• **Task goal**: The line with "Giovanni tomoatti torcedor", the line with "Detailed border craftsmanship", and all lines between them in the material below: return these exactly, and no others.

• **Dataset content**:
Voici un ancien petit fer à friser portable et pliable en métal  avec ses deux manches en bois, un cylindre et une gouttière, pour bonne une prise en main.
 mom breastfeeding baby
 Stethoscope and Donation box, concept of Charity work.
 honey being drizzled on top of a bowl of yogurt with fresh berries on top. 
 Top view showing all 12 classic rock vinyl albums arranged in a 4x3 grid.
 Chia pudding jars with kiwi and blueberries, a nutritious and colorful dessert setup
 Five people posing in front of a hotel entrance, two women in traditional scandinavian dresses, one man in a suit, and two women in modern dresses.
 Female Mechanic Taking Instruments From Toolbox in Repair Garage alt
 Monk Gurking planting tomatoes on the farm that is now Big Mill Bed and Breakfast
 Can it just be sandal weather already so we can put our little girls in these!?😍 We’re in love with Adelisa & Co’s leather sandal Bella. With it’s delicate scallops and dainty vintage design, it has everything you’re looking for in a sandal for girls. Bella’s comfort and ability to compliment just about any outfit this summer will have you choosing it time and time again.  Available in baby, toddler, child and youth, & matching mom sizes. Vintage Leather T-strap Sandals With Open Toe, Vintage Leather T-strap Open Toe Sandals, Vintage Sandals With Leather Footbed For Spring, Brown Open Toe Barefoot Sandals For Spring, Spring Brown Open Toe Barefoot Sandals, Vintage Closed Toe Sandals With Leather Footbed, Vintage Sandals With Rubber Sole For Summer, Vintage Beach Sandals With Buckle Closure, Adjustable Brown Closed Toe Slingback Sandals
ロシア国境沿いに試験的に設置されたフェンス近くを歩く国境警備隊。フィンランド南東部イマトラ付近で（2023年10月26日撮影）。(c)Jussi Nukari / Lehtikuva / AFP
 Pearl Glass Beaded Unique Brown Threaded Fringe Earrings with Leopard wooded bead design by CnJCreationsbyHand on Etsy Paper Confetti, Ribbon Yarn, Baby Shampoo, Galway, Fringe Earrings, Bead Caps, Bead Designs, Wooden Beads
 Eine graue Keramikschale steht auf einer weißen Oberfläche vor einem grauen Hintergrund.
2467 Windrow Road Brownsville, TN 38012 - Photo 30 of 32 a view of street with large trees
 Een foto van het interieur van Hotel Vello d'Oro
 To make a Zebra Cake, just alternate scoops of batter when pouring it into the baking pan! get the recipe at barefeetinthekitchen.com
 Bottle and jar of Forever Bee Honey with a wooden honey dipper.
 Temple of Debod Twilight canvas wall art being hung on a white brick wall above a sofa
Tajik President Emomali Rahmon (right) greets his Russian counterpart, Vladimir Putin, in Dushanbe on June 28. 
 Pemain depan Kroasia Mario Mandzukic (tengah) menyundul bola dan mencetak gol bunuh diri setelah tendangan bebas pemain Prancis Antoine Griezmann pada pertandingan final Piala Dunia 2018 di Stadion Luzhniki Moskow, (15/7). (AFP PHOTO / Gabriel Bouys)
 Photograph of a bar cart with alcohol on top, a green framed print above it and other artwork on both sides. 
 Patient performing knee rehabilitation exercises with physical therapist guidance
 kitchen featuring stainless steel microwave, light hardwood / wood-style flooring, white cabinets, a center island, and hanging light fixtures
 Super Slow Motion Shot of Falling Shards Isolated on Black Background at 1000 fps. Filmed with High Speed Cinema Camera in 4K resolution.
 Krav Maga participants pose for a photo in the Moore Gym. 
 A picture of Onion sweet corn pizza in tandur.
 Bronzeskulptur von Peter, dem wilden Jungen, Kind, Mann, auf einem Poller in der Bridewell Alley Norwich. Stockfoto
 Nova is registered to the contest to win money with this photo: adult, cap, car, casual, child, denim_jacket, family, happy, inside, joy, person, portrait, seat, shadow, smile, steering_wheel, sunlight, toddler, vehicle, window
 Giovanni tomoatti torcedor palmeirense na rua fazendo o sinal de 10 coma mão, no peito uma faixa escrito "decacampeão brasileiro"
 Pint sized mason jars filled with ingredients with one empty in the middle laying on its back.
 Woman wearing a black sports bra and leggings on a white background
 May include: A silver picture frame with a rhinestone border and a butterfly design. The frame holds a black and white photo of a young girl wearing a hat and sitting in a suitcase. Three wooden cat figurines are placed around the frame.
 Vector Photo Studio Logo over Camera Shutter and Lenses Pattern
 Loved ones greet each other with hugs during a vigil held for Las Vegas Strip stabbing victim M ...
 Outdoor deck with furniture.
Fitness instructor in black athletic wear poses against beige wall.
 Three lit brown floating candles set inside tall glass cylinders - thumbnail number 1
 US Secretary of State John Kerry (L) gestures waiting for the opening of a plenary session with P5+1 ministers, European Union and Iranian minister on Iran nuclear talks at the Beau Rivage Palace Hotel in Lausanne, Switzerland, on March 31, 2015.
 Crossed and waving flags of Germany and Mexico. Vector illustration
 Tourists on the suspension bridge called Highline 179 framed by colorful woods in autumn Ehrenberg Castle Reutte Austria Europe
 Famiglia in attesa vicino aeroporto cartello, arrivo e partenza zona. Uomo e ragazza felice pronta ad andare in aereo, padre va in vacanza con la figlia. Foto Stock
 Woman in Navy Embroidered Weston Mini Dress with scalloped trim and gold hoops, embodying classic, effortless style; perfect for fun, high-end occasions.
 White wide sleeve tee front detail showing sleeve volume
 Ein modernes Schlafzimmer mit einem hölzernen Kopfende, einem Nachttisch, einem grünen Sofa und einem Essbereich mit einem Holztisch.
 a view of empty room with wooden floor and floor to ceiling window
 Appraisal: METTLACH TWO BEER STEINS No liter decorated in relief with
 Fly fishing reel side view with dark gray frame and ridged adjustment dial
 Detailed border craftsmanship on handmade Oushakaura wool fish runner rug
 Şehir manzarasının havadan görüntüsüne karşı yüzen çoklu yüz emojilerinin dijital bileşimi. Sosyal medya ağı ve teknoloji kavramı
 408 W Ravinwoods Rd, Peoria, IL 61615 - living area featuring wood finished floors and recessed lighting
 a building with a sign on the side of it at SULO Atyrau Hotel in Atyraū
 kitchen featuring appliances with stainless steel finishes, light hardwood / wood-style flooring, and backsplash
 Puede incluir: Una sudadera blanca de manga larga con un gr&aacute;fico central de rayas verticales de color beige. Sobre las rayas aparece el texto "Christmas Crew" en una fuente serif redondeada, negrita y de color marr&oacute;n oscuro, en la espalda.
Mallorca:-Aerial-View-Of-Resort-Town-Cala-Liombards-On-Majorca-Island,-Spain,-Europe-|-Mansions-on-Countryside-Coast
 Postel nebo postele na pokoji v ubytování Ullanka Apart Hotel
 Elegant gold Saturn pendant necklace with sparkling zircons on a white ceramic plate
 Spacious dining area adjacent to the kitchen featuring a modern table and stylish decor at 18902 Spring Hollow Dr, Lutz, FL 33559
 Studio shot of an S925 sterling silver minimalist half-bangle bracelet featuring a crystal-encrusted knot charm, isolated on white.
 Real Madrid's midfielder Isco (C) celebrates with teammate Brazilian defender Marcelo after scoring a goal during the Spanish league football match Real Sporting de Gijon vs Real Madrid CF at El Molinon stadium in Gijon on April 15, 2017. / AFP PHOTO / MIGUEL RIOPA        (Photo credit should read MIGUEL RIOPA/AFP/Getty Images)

• **Result of the exercise**:
 Giovanni tomoatti torcedor palmeirense na rua fazendo o sinal de 10 coma mão, no peito uma faixa escrito "decacampeão brasileiro"
 Pint sized mason jars filled with ingredients with one empty in the middle laying on its back.
 Woman wearing a black sports bra and leggings on a white background
 May include: A silver picture frame with a rhinestone border and a butterfly design. The frame holds a black and white photo of a young girl wearing a hat and sitting in a suitcase. Three wooden cat figurines are placed around the frame.
 Vector Photo Studio Logo over Camera Shutter and Lenses Pattern
 Loved ones greet each other with hugs during a vigil held for Las Vegas Strip stabbing victim M ...
 Outdoor deck with furniture.
Fitness instructor in black athletic wear poses against beige wall.
 Three lit brown floating candles set inside tall glass cylinders - thumbnail number 1
 US Secretary of State John Kerry (L) gestures waiting for the opening of a plenary session with P5+1 ministers, European Union and Iranian minister on Iran nuclear talks at the Beau Rivage Palace Hotel in Lausanne, Switzerland, on March 31, 2015.
 Crossed and waving flags of Germany and Mexico. Vector illustration
 Tourists on the suspension bridge called Highline 179 framed by colorful woods in autumn Ehrenberg Castle Reutte Austria Europe
 Famiglia in attesa vicino aeroporto cartello, arrivo e partenza zona. Uomo e ragazza felice pronta ad andare in aereo, padre va in vacanza con la figlia. Foto Stock
 Woman in Navy Embroidered Weston Mini Dress with scalloped trim and gold hoops, embodying classic, effortless style; perfect for fun, high-end occasions.
 White wide sleeve tee front detail showing sleeve volume
 Ein modernes Schlafzimmer mit einem hölzernen Kopfende, einem Nachttisch, einem grünen Sofa und einem Essbereich mit einem Holztisch.
 a view of empty room with wooden floor and floor to ceiling window
 Appraisal: METTLACH TWO BEER STEINS No liter decorated in relief with
 Fly fishing reel side view with dark gray frame and ridged adjustment dial
 Detailed border craftsmanship on handmade Oushakaura wool fish runner rug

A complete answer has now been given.